Not going to link all of the previous 5 blog posts on the development of the third draft of Crush Depth, I’m going to put them on the book’s page and just refer back to it.
At the end of Chapter 5, the novel’s protagonist, Grace Parkowski, has just been briefed on her next task – go out with the submersible Nautilus to investigate a piece of a sunken Russian submarine to see if it has the quantum processing unit. Now, she needs to get on board and leave.
Chapter Six: She travels to the airlock and gets on the Nautilus. The submersible departs the habitat.

Time to introduce some lingo! A younger Ryan M. Patrick would have info-dumped here, but now that I’m more experienced, I do it in dialog.

Some personal experience – I’ve been inside the simulators of both (and a lot of others, pretty much everything in ACC’s and AFGSC’s arsenals). We’re going to spend a lot of time on these two submersibles!

It’s slower-paced, and tech-heavy, but given the feedback I’ve gotten, this is what my readers want. And we end here – time to tell some tall tales!

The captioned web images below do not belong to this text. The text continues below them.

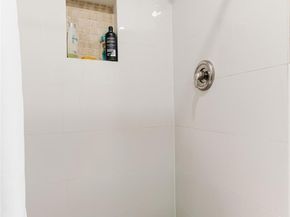 1060 NW 49th Ct, Deerfield Beach FL 33064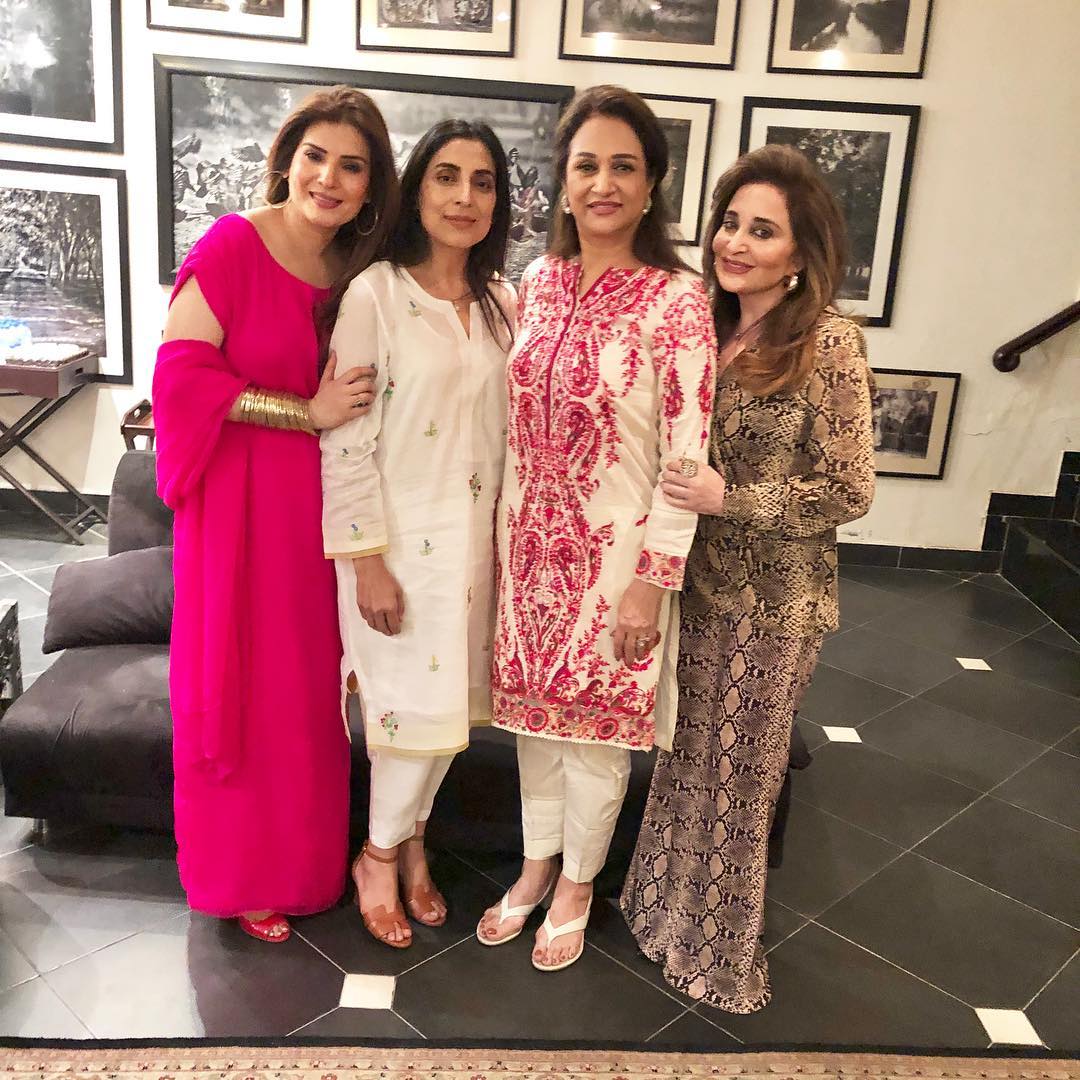 Some of the Beautiful Clicks of Resham with her Celebrity Friends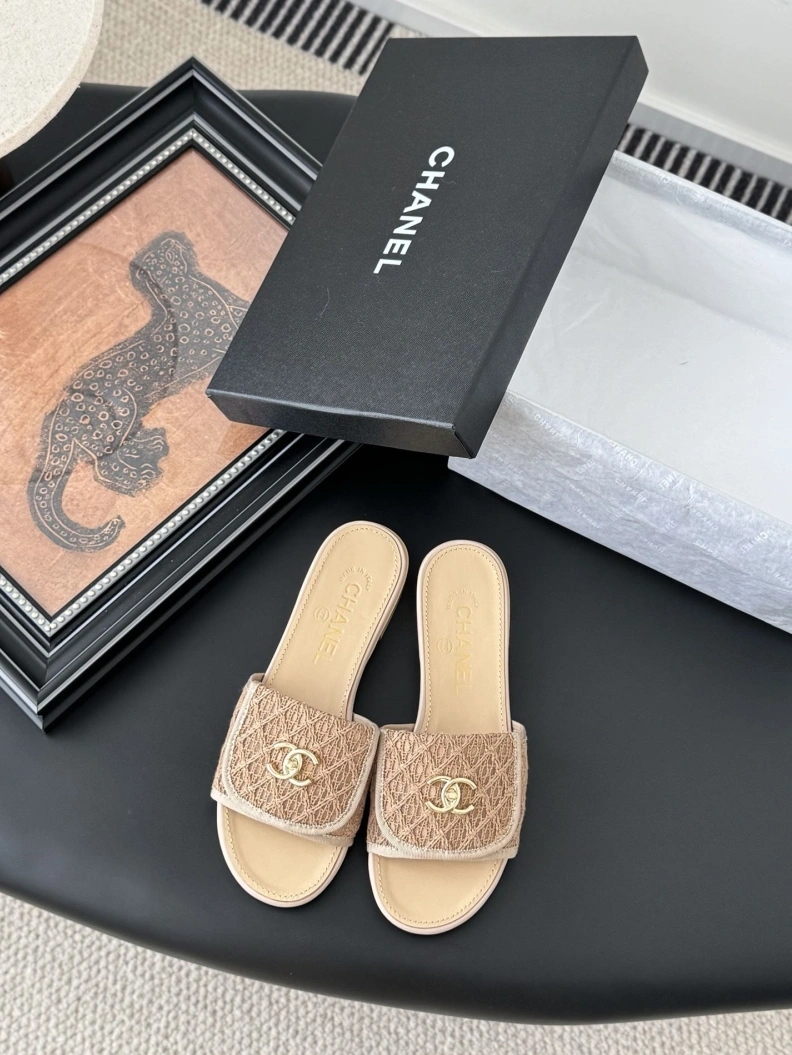 Modern Chxnxl Slippers 119741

Chapter Seven: The Nautilus travels along as some of the Navy personnel talk to Parkowski. They try and scare her, using references to the movies Sphere, Deep Blue Sea, and the Bermuda Triangle, but she is unphased. Lots of discussion. They see something that appears to be a giant great white shark (but much darker in color) swimming off in the distance, but it disappears off of their sensors. However, moments later, it turns and heads straight for the submarine at a high rate of speed.
The Navy personnel – Duran and Carmano – are going to try and mess with Parkowski. Later, we’ll find out that not all is what it seems and their spooky stories are too close to the truth, but right now she realizes they’re just scaring her.

This lets me change the tone of the novel a bit and make it a bit more speculative rather than realistic. I had some of it in the prologue with the mosasauruses attacking the Russian sub and here’s the second hint of that.

But it’s all related! And this is so much more focused than the last drafts. Keep the reader’s attention on the mosasaurus and the submarines. Not on Russian double agents or Havana Syndrome – both of which played large roles in the first two versions of this story.

Here we go with the marine mammal red herring. Dr. Armstrong – who I introduced a few chapters back – was a researcher on that, sent by DARPA to see if any of their dolphins (very real in this story, but were killed by the mosasauruses) are still on the loose. More on this later.

Sonar – very important here. We’ll be using it a lot both on the submersibles as well as at the habitat.

And we’ve got an intercept!
Chapter Eight: The creature – whatever it is – veers away at the last second. They continue along to the sunken submarine section that’s fairly far along in the grid.

Going to be a close call. And, unlike in Lag Delay, the danger is very, very real – no VR.

But it evades at the last second.

Remember the line about “compartmented project that ended” – we’ll revisit that in a few chapters.

And we end Chapter 8 – they’re at a piece of wreckage, and will go on and grab some stuff in the next chapter.